GIVEN DATA
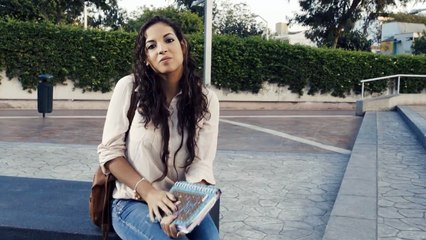 Esta app te dice si tu relación está en peligro de sufrir violencia de género: conoce el ‘Toxímetro’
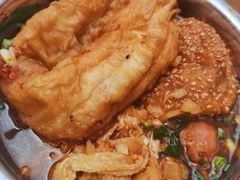 -胖子水煮(铁路三村无任何分店)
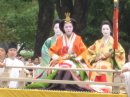 画像: つい先ほど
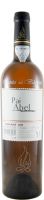 2023 Quinta das Bágeiras Pai Abel rosé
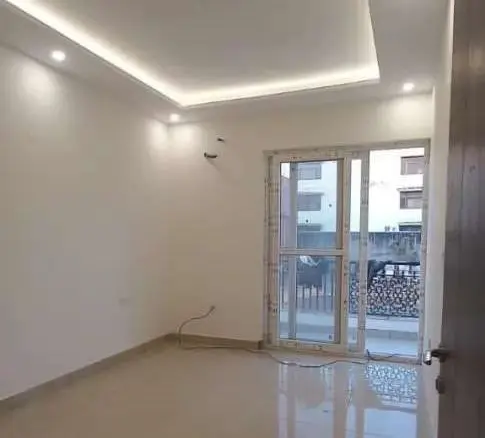 3BHK Flat for Sale in Sector 115 | Kharar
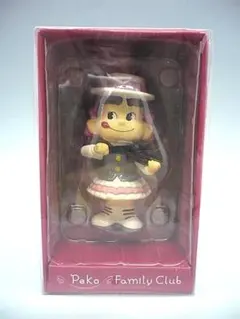 2026年最新】ペコファミリークラブの人気アイテム - メルカリ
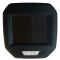 Видеорегистратор автомобильный DVR 338 PR4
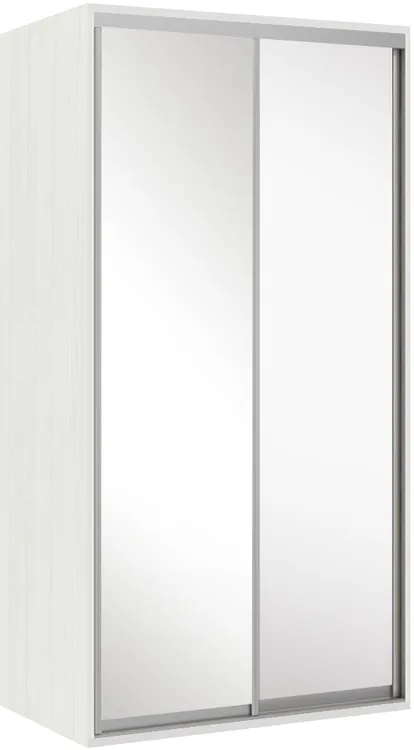 Elma 1022-1-SS-60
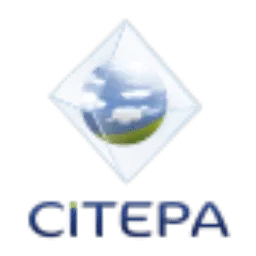 Citepa.org Favicon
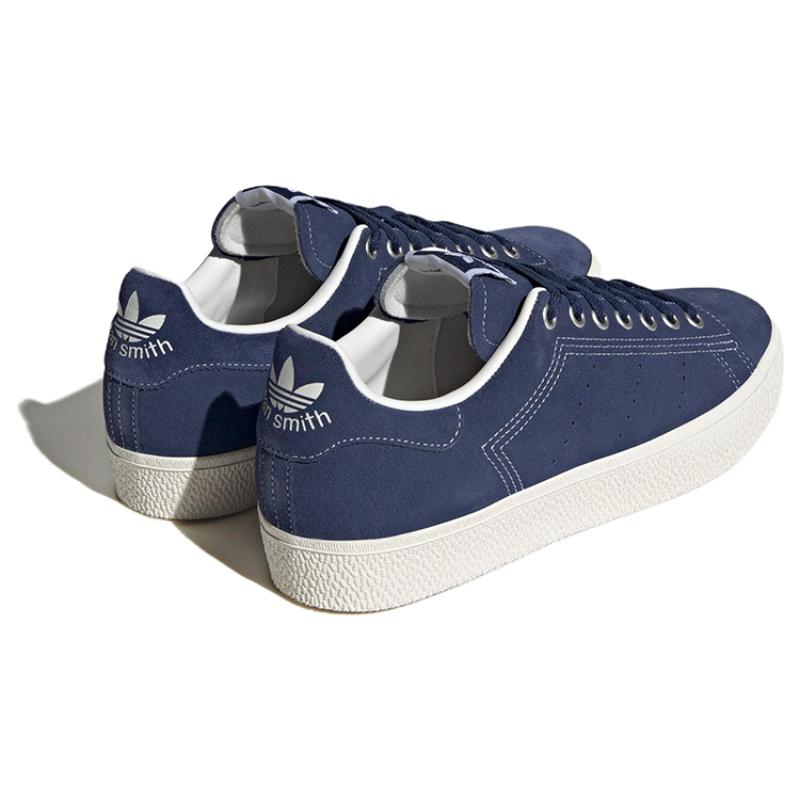 Adidas Stan Smith Cs 'Dark Blue' Sneakers ID2046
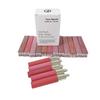 Rare Beauty by Selena: New Lip Glaze Lip Oil 3ml - Silky Soft Matte Lipstick Mirror Finish.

AIM OF THE EXERCISE
Each of the records above needs to be transcribed exactly, apart from its pictures.

ANSWER SPACE
 Esta app te dice si tu relación está en peligro de sufrir violencia de género: conoce el ‘Toxímetro’
 -胖子水煮(铁路三村无任何分店)
 画像: つい先ほど
 2023 Quinta das Bágeiras Pai Abel rosé
 3BHK Flat for Sale in Sector 115 | Kharar
 2026年最新】ペコファミリークラブの人気アイテム - メルカリ
 Видеорегистратор автомобильный DVR 338 PR4
 Elma 1022-1-SS-60
 Citepa.org Favicon
 Adidas Stan Smith Cs 'Dark Blue' Sneakers ID2046
 Rare Beauty by Selena: New Lip Glaze Lip Oil 3ml - Silky Soft Matte Lipstick Mirror Finish.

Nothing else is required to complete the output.